Era uma vez, em uma galáxia muito, muito distante, uma bela princesa de expressivos olhos castanhos, cabelos longos presos em um penteado irreverente e uma língua afiada. Como princesa, Leia Organa desafiava tudo aquilo que era esperado dela, subvertendo, desde muito cedo, as expectativas de todos. Para muitas meninas, Leia foi o primeiro contato com uma personagem feminina forte e destemida em um mundo dominado por homens, principalmente quando o assunto é um filme de ficção científica com naves espaciais, lutas de sabre e um elenco predominantemente masculino.

Nos deparamos pela primeira vez com Leia (Carrie Fisher) em Star Wars Episódio IV: Uma Nova Esperança, onde, capturada pelo Império Galáctico durante uma de suas missões, vê como sua única saída para escapar de seu cativeiro enviar, por meio de seu droide R2-D2 e o androide C-3PO, uma mensagem para Obi-Wan Kenobi (Alec Guinness) pedindo ajuda. Em um primeiro momento até se pode pensar que Leia é só mais uma donzela em perigo, mas logo descobrimos que ela toma conta da situação assim que uma oportunidade aparece. Enquanto Han Solo (Harrison Ford) e Luke Skywalker (Mark Hamill) se atrapalham em sua missão de salvamento e ficam cercados por stormtroopers, Leia toma a arma das mãos de Han — e as rédeas da situação — e consegue tirar a todos da enrascada em que se meteram. “Somebody has to save ours skins“, no final das contas, e é a princesa — que, aparentemente, precisava de ajuda — que resolve o impasse.
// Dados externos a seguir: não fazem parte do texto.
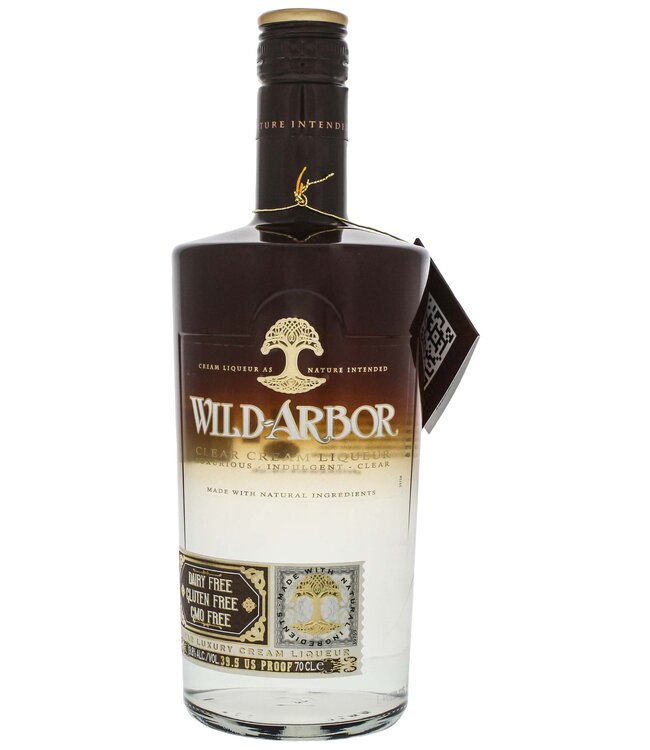 Wild Arbor Clear Luxury Cream Liqueur 0,70 ltr 19,8%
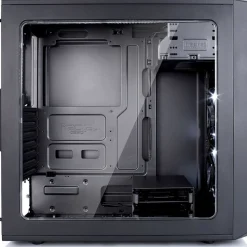 Fractal Design Focus G mit Sichtfenster Midi Tower ohne Netzteil schwarz
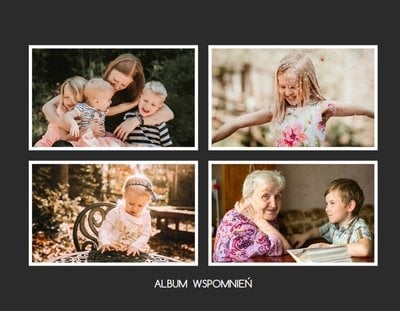 Tradycyjny album na zdjęcia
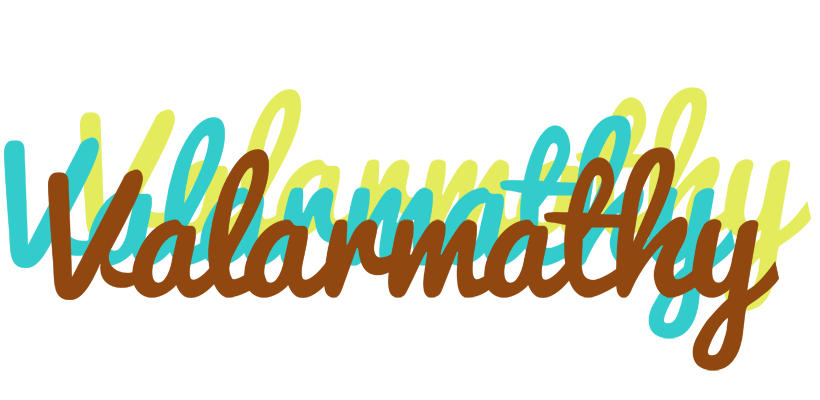 Valarmathy cupcake logo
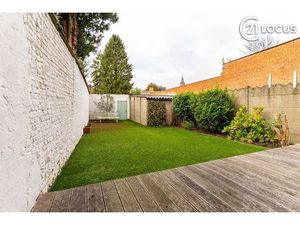 Verhuurd gelijkvloers appartement met garage in Edegem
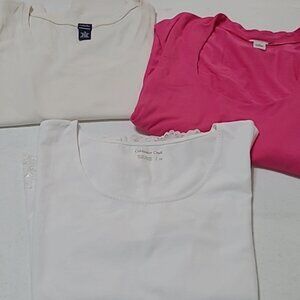 Bundle of women's sleeveless shirts size 3X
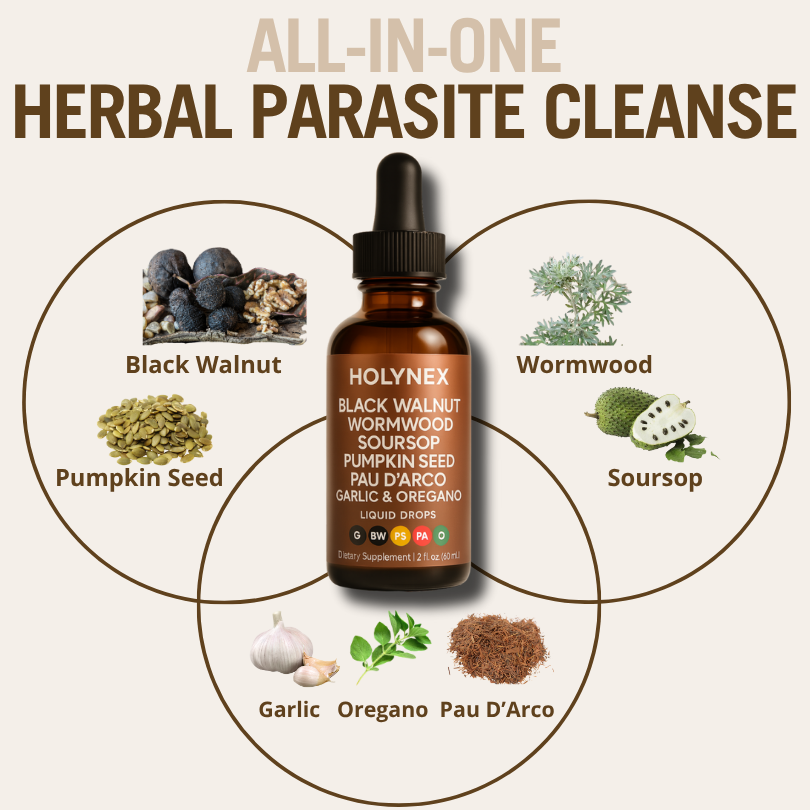Holynex™ Parasite Cleanse 2025: Complete, Gentle, and Effective Gut Reset Solution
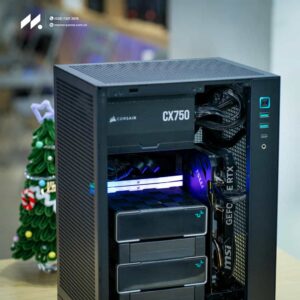 PC Gaming PANO ITX I5-4060 MAX ( i5-14500, RTX 4060 8GB, RAM 32GB, SSD 500GB, 750W )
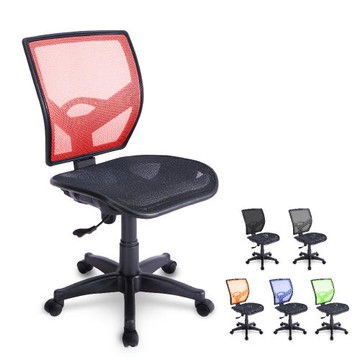 LOGIS邏爵家具－彩織呼吸電腦椅 書桌椅 全網椅 辦公椅 升降椅 事務椅【E72X】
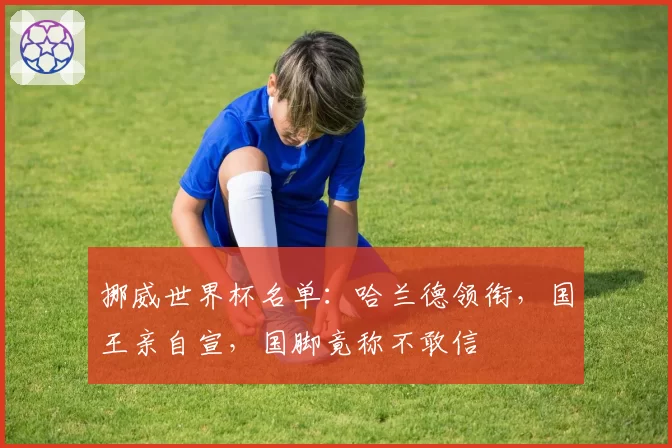 挪威世界杯名单：哈兰德领衔，国王亲自宣，国脚竟称不敢信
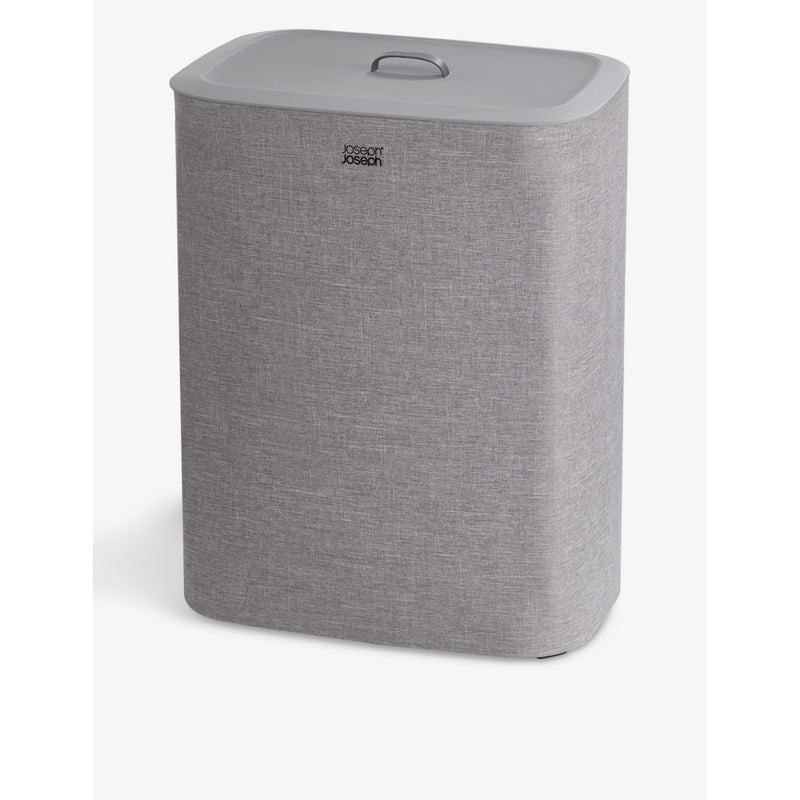 Joseph Joseph cotton and shell laundry basket 90L, imported from the UK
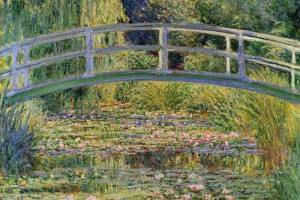 The Water Lily Pond, 1899 by Claude Monet
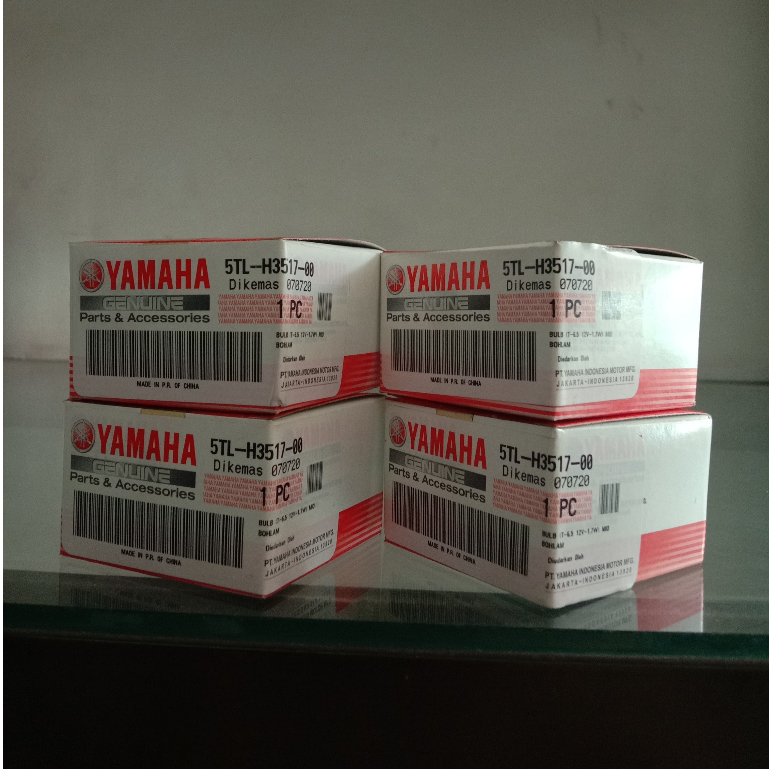 BOHLAM LAMPU SPEDOMETER 5TL-H3517-00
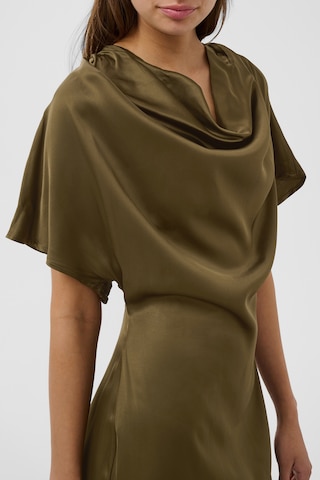 SOAKED IN LUXURY Kleid 'SLEvilia' in Grün
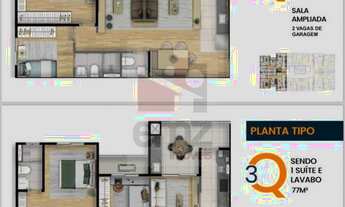 Imagem 6: Apartamento 3 Quartos Campo Grande - MS - Jardim São Lourenço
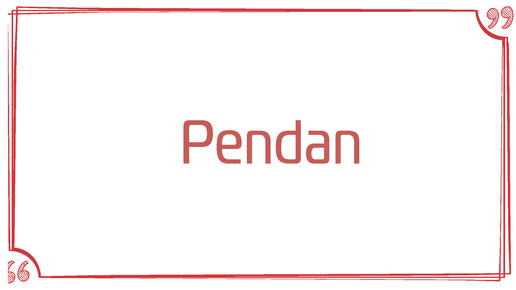 pendan
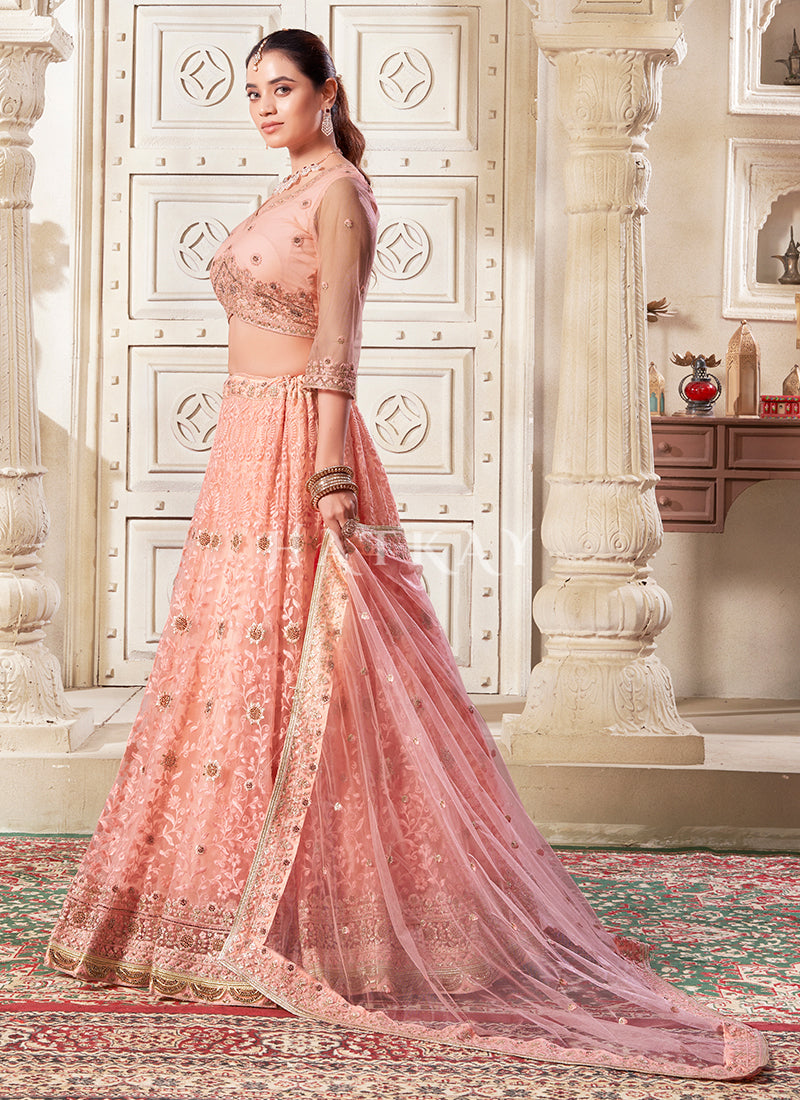 Ready To Wear Indian Lehenga Choli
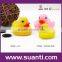 2016 Plastic duck item spout bath toys for baby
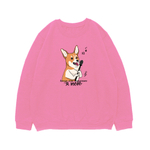 Свитшот "Корги поёт"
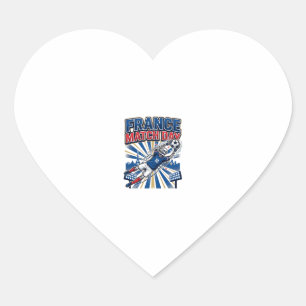 Frankrijk Wedstrijd Dag Skelet Aanvaller Naties Ho Hart Sticker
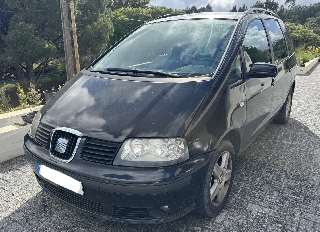 SEAT ALHAMBRA 1.9 Tdi 115cv - 7 lug - automático 2005 Gasóleo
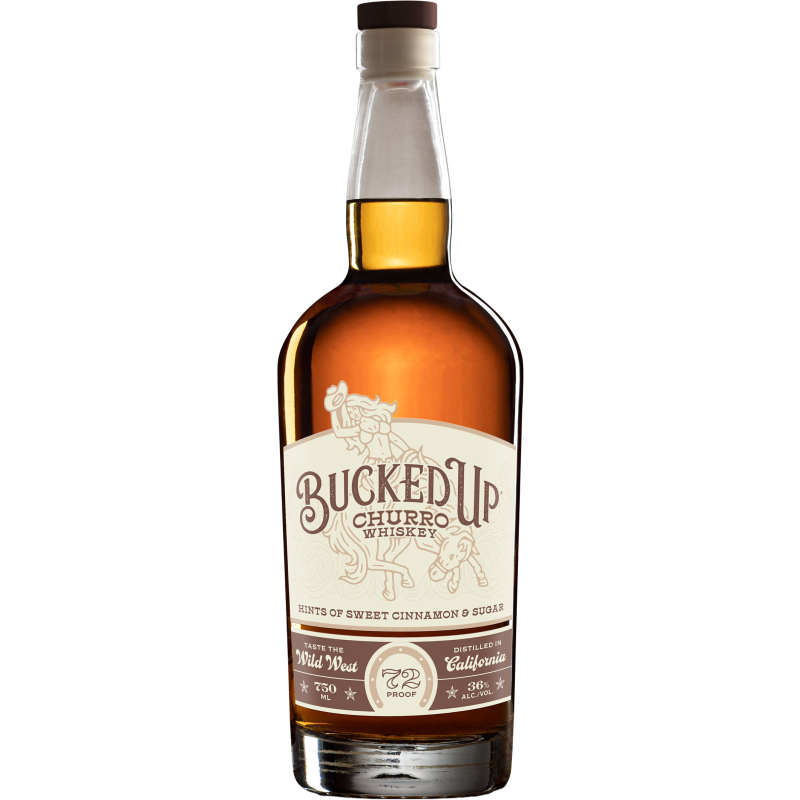 Bucked Up Churro Whiskey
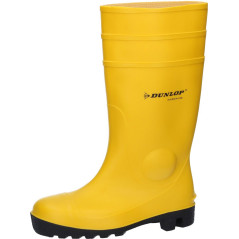 Dunlop Bezpečnostné čižmy Protomastor Full Safety S5 žlté, veľkosť 39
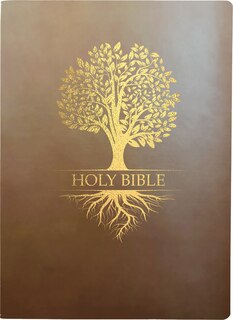 Front cover_KJV Family Legacy Holy Bible, Large Print, Coffee Ultrasoft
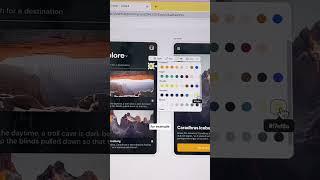 Create an app design quicker than ever before using Uizard's AI powered features  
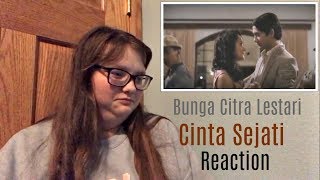 Bunga Citra Lestari  Cinta Sejati MV Reaction [upl. by Annabella]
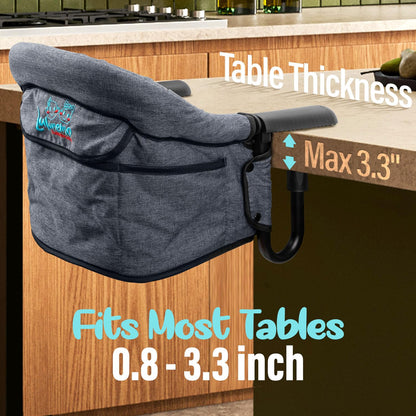 Sillas Colgantes - Portátiles y Plegables para Bebés de 6-36 Meses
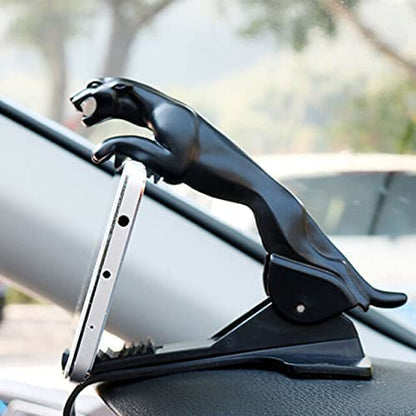 AUTOFASTERS Car Mobile Holder HUD Design Cell Phone GPS Stand Clip Holder (Black)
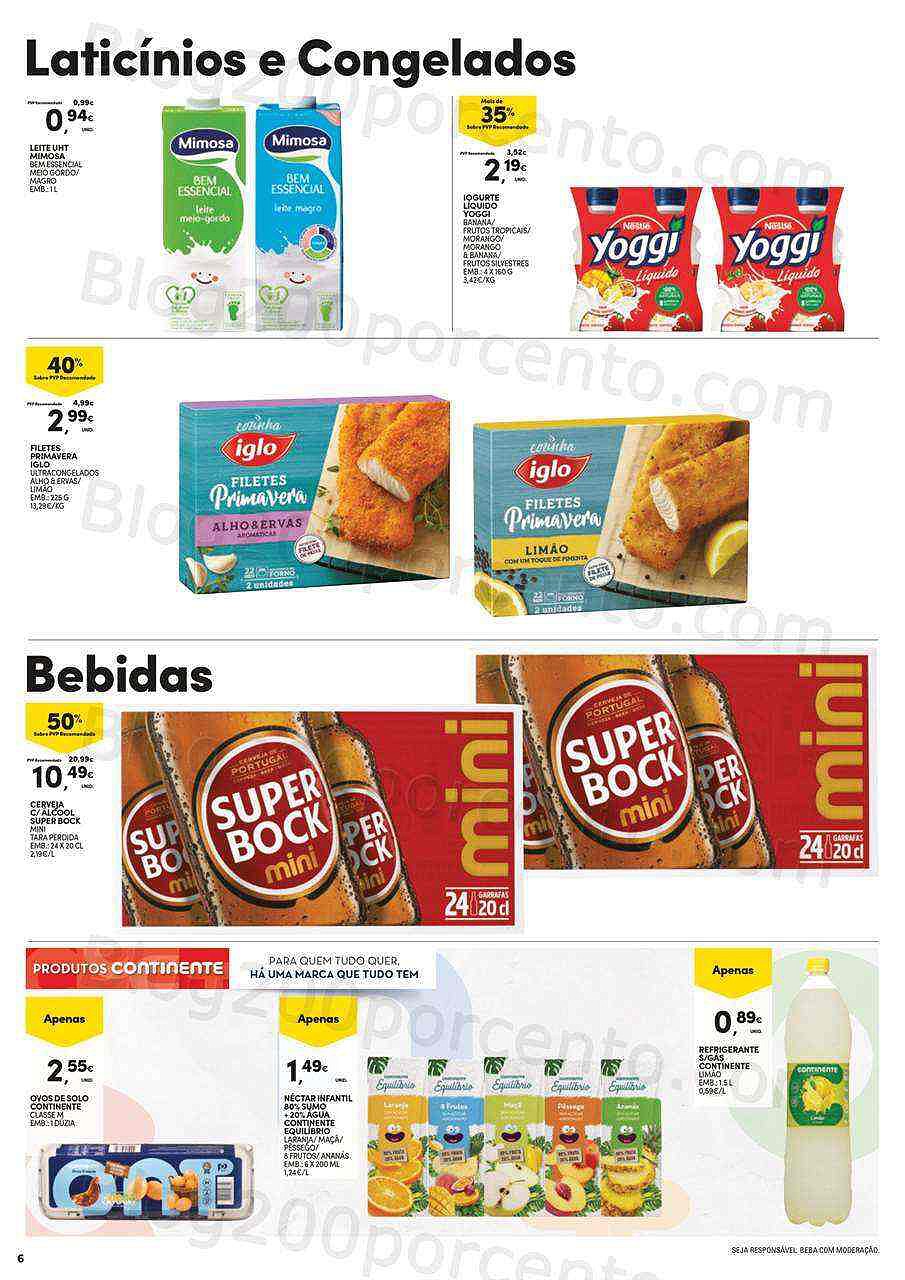 Antevisão Folheto CONTINENTE Abertura Gandra - Paredes Promoções de 16 a 26 dezembro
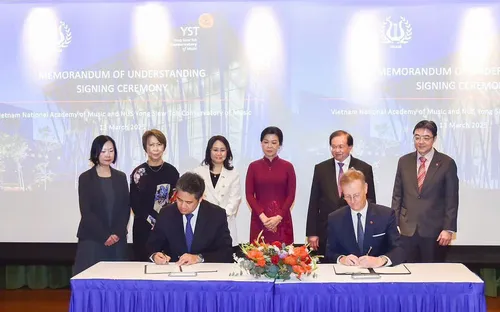 Thúc đẩy hợp tác âm nhạc giữa Việt Nam và Singapore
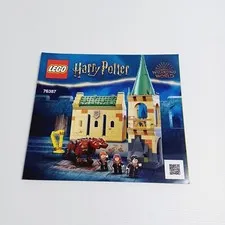 LEGO Harry Potter Hogwarts: Fluffy Encounter (76387) Instruction Manual Only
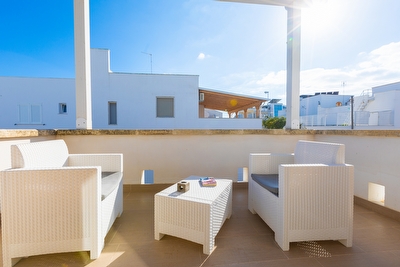 Casetta nuova con spiaggia e centro vicini   Wi-fi Torre San Giovanni - Foto 16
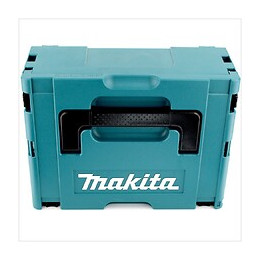 Makita Dbo 180 Ponceuse Excentrique Sans Fil, 18v + 2x Batteries + Chargeur + Makpac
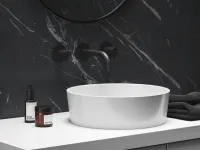 Espirit falba süllyesztett mosdócsaptelep belső egységgel ES 019.20BLM.O1, Black Matt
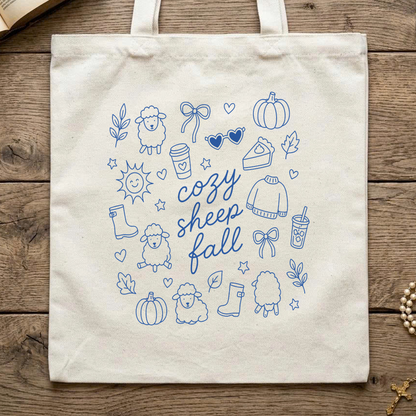 Cozy Sheep Fall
E essa é a grande questão com Leia: ela não veio à galáxia a passeio e desde muito jovem se envolveu com a Aliança Rebelde na luta contra o Império Galáctico, colocando-se na linha de frente em missões perigosas por um bem maior. É exatamente por conta disso que a princesa é capturada e presa, visto que estava em uma missão para conseguir as plantas que levariam à destruição da maior arma do Império naquele momento, a Estrela da Morte. E essa não é a única incursão de Leia no meio das forças inimigas já que a princesa estava sempre pronta para enfrentar o que quer que fosse em prol daquilo em que acreditava: um mundo livre do Império Galáctico.

leia organa

A vida de Leia passou por muitas transformações desde o nascimento. Filha de Anakin Skywalker (Hayden Christensen) e Padmé Amidala (Natalie Portman), Leia foi adotada em segredo e ainda bebê pelo casal Bail (Jimmy Smits) e Breha Organa (Rebecca Jackson Mendoza), a família real de Alderaan. Irmã gêmea de Luke, Leia foi separada do irmão para que as chances deles de passarem despercebidos pelo radar dos inimigos fossem maiores, preservando, assim, a vida dos dois. Como filhos de Anakin, que viria a se transformar em Darth Vader após sucumbir completamente ao lado negro da força, as duas crianças eram alvos óbvios para as Forças Sombrias do Império Sith. Enquanto Luke foi levado por Obi-Wan para Tatooine, Leia cresceu como princesa em Alderaan. Sua posição privilegiada, no entanto, nunca a deslumbrou e, assim que possível, Leia se uniu à causa da Aliança Rebelde, um grupo que tinha como objetivo maior restaurar a paz na galáxia e derrubar o Império.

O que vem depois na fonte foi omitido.